The British Dental Health Foundation is warning that any cut-backs to spending on oral health is a false economy and will cost more in the long run – physically and financially.
The warnings have been prompted by a new survey commissioned by the Foundation which suggests that over a third of adults (36%) are more likely to delay any dental treatment needed due to cost and over a quarter say they are visiting their dentist less often as a result of the current economic problems.
Worried about your dental health? Take a look at these top tips on how to brush your teeth perfectly...
Brush your teeth for at least two minutes in the morning before breakfast and last thing at night before you go to bed.
Wait an hour after a meal before brushing your teeth to give your saliva chance to neutralise the acid, and prevent softened enamel being brushed away.
Place the head of your toothbrush against your teeth, then tilt the bristle tips to a 45 degree angle against the gum line. Move the brush in small circular movements, several times, on all the surfaces of every tooth.
Brush the outer surfaces of each tooth, upper and lower, keeping the bristles angled against the gum line. Use the same method on the inside surfaces of all your teeth.
Brush the chewing surfaces of the teeth.
To clean the inside surfaces of the front teeth, tilt the brush vertically and make several small circular strokes with the toe (the front part) of the brush.
Brushing your tongue will freshen your breath and clean your mouth by removing bacteria.
One in five (17%) people say they are spending less on their oral care and over a quarter (27%) are buying cheaper oral care products including toothpaste, mouthwash and toothbrushes.
Dental health experts are particularly concerned that one in four people believe visiting the dentist is becoming less of a priority.
Statistics show that the number of people with tooth decay is over 40% lower amongst people who visit their dentist at least once a year.
Not surprisingly, people on lower incomes are most at risk of deteriorating oral health in the current economic climate.
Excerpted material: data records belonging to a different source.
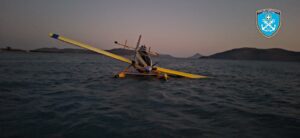 Το μισθωμένο πυροσβεστικό ΦΑΪΡ ΜΠΟΣ στη θάλασσα μετά την αναγκαστική προσθαλάσσωση κοντά στον Αστακό
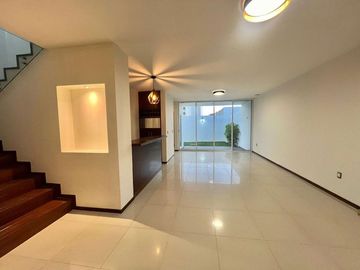 CASA EN VENTA  LA RIOJA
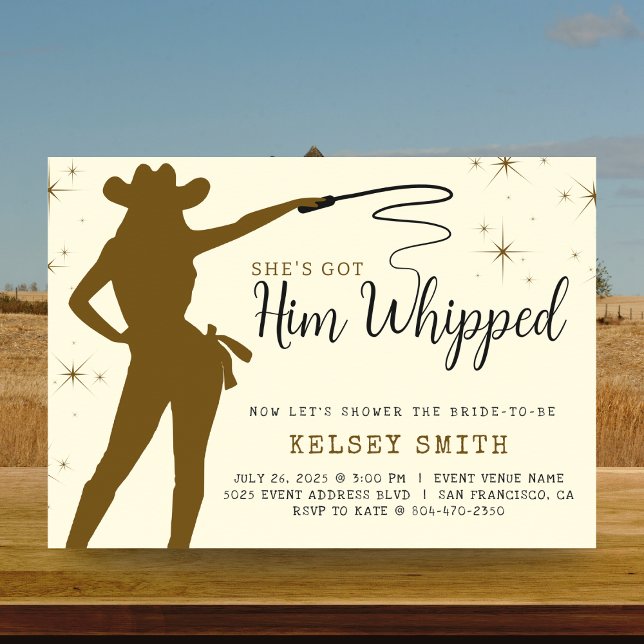 Invitación Ella lo tiene con una gallina lechera azotada con  (She's Got Him Whipped Cowgirl Whip Bridal Shower Invitation
)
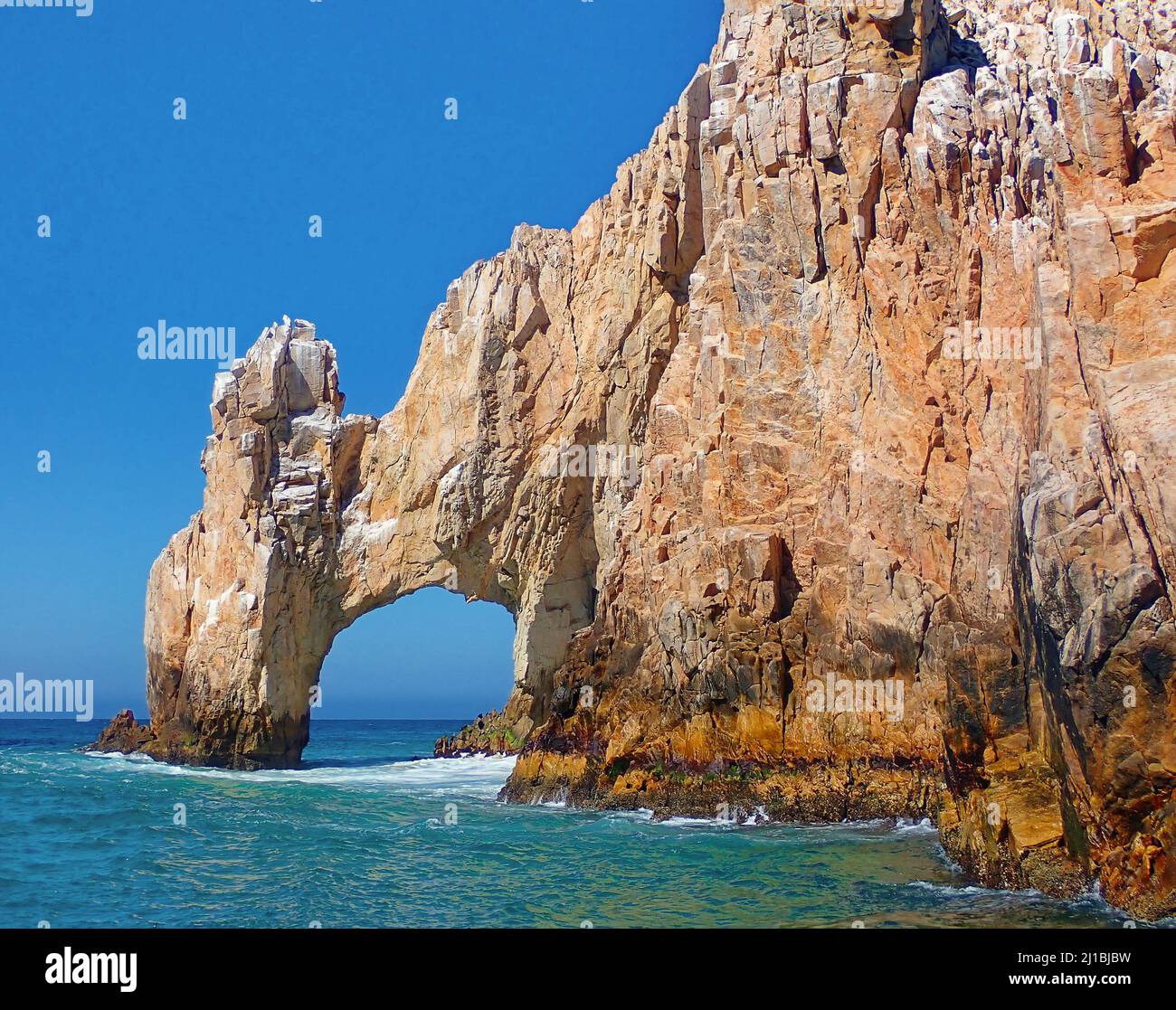 Une belle vue de l'Arc de Cabo San Lucas contre le ciel bleu en plein soleil à Baja California sur, Mexique Banque D'Images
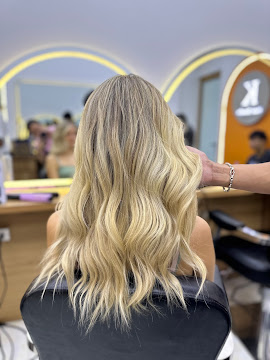 K HAIR STUDIO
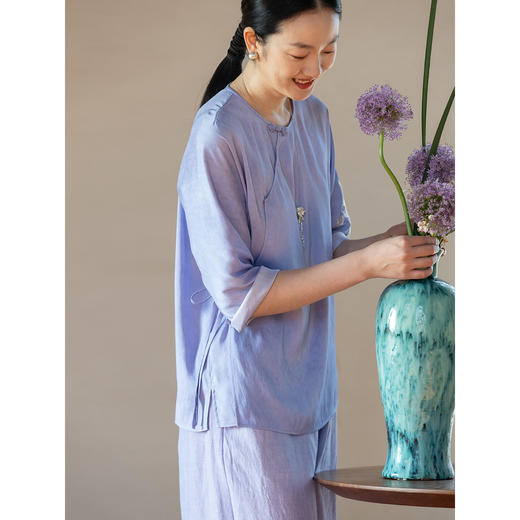 牧衣游原创 22姆米重磅双宫绸手工刺绣小衫古朴系带禅意上衣 星阳 商品图2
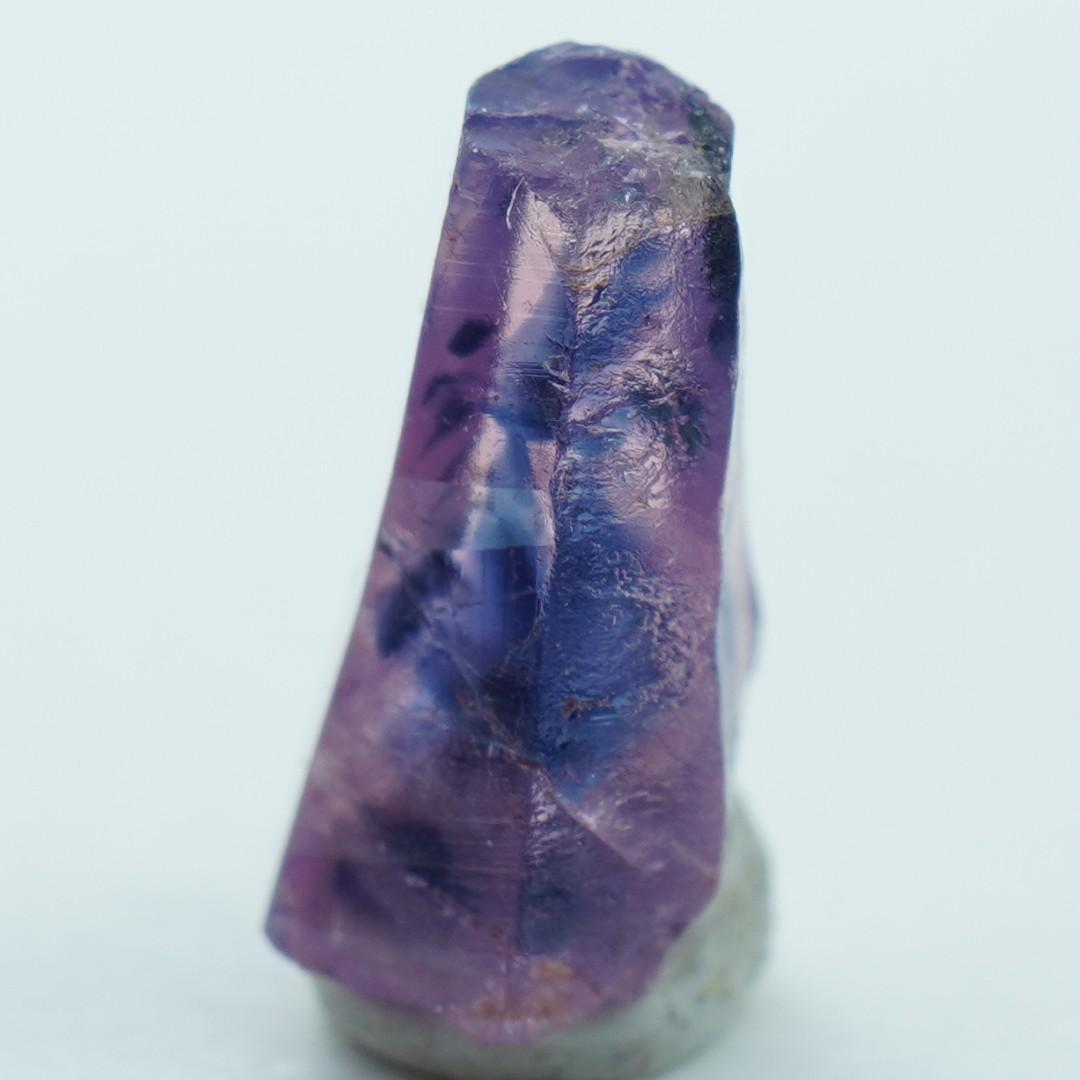 ウインザサファイア　結晶　タンザニア産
One in four people (24%) on lower incomes are likely to refuse dental treatment and approaching four out of every ten people are more likely to delay treatment.
Chief Executive of the British Dental Health Foundation, Dr Nigel Carter, is hoping to remind anyone thinking of over-looking their oral health, to think again.
Dr Carter told HuffPost Lifestyle: “Our findings show that oral health is not recession-proof and that too many people are willing to gamble with their oral health. Unfortunately, they are running the risk of storing up a wide range of health problems and even bigger costs in the future. Many people are entitled to free dental treatment on the NHS and it’s always worth checking, especially if your circumstances change.
“A regular oral health routine is the only way to avoid problems with teeth and gums. This includes maintaining regular visits to the dentist. Oral health can quickly deteriorate and regular check-ups with a dentist are essential.“The cost of poor oral health is not just cosmetic. Fillings, having teeth removed and other repair work are all considerably more expensive than the price of a check-up. The pain of toothache can be excruciating and is something to be avoided at any cost."